Your output should be the lines below from the one with "House for sale in Shirrell Heath, Hampshire" through the one with "Waverley Street, Nottingham", copied exactly, pictures excluded.

__GIVEN INFORMATION__.
________________

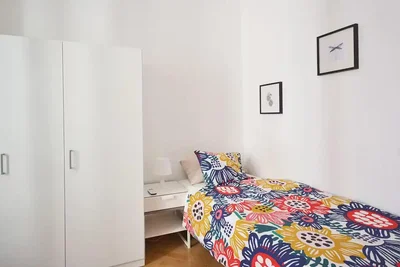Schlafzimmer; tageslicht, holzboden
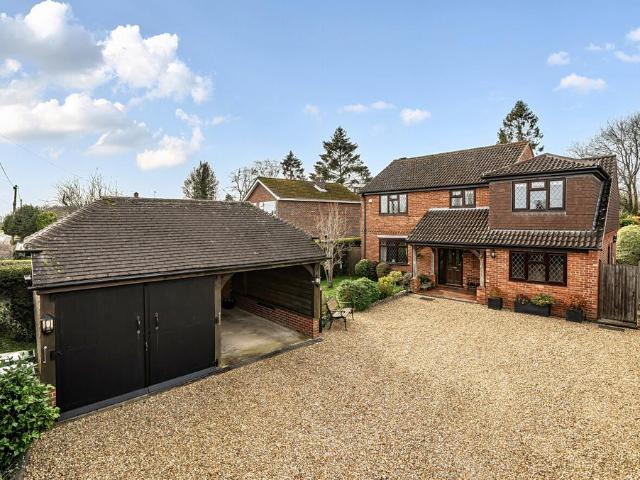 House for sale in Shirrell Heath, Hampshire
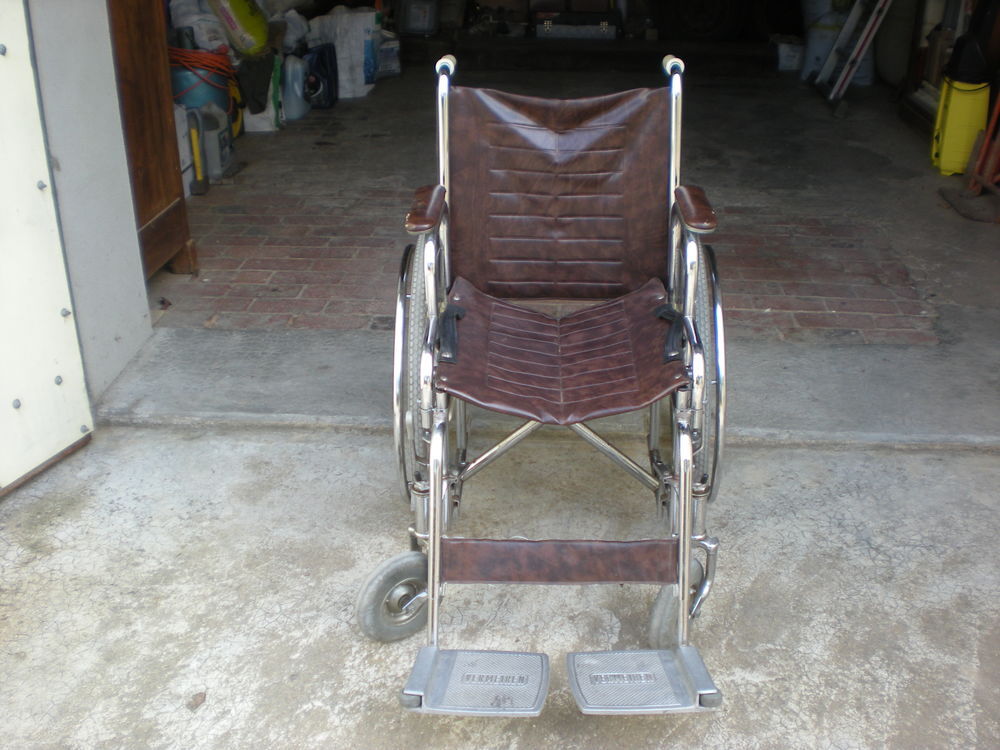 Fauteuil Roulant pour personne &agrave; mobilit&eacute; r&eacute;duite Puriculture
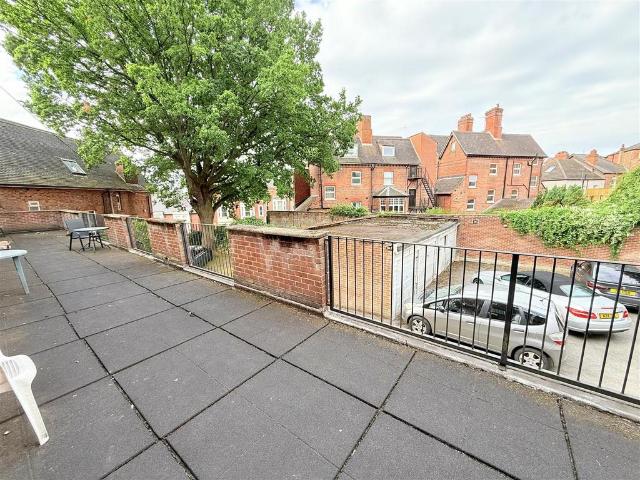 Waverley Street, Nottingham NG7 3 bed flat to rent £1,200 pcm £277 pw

________________

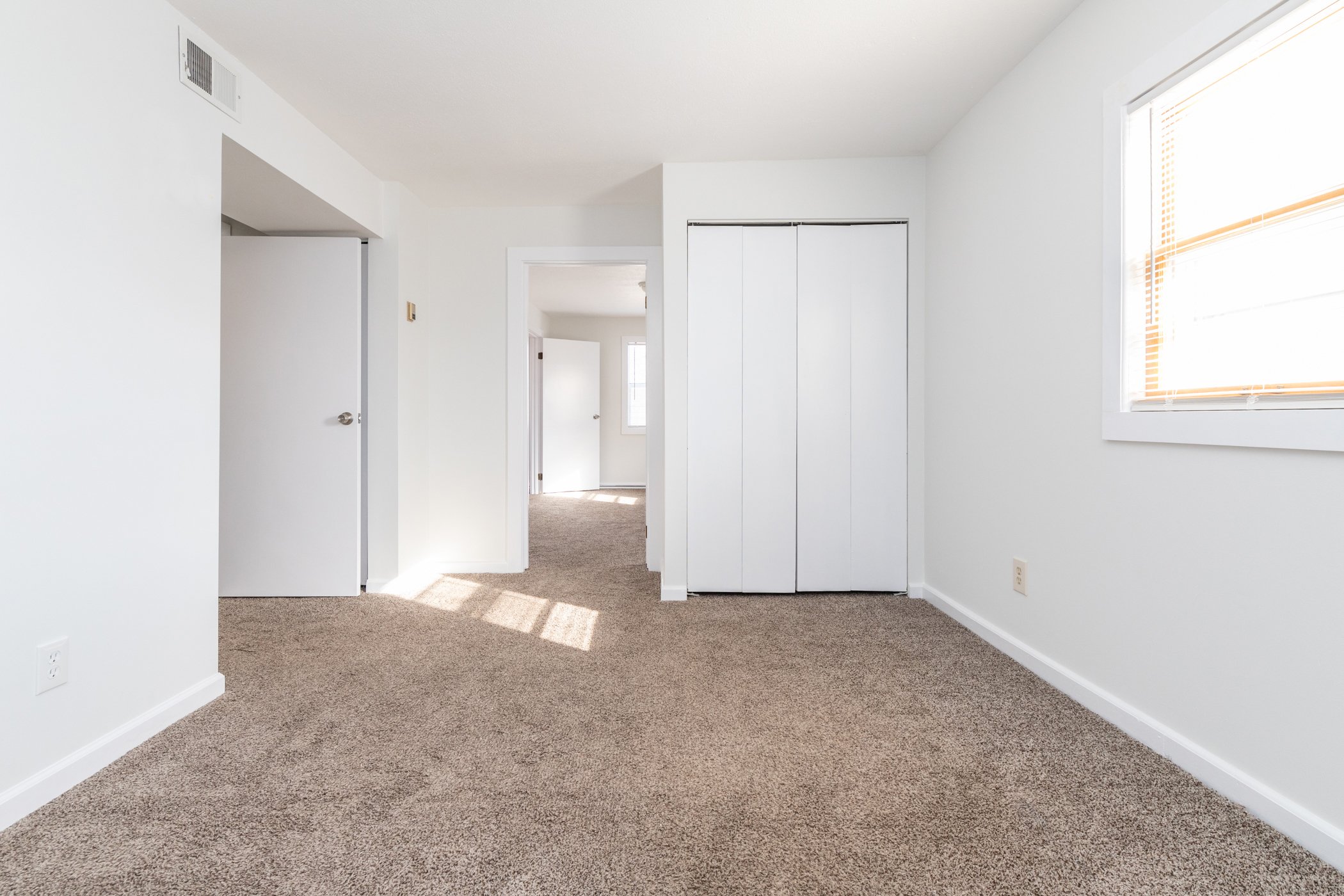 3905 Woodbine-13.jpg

________________

__EXERCISE SOLUTION__.
 House for sale in Shirrell Heath, Hampshire
 Fauteuil Roulant pour personne &agrave; mobilit&eacute; r&eacute;duite Puriculture
 Waverley Street, Nottingham NG7 3 bed flat to rent £1,200 pcm £277 pw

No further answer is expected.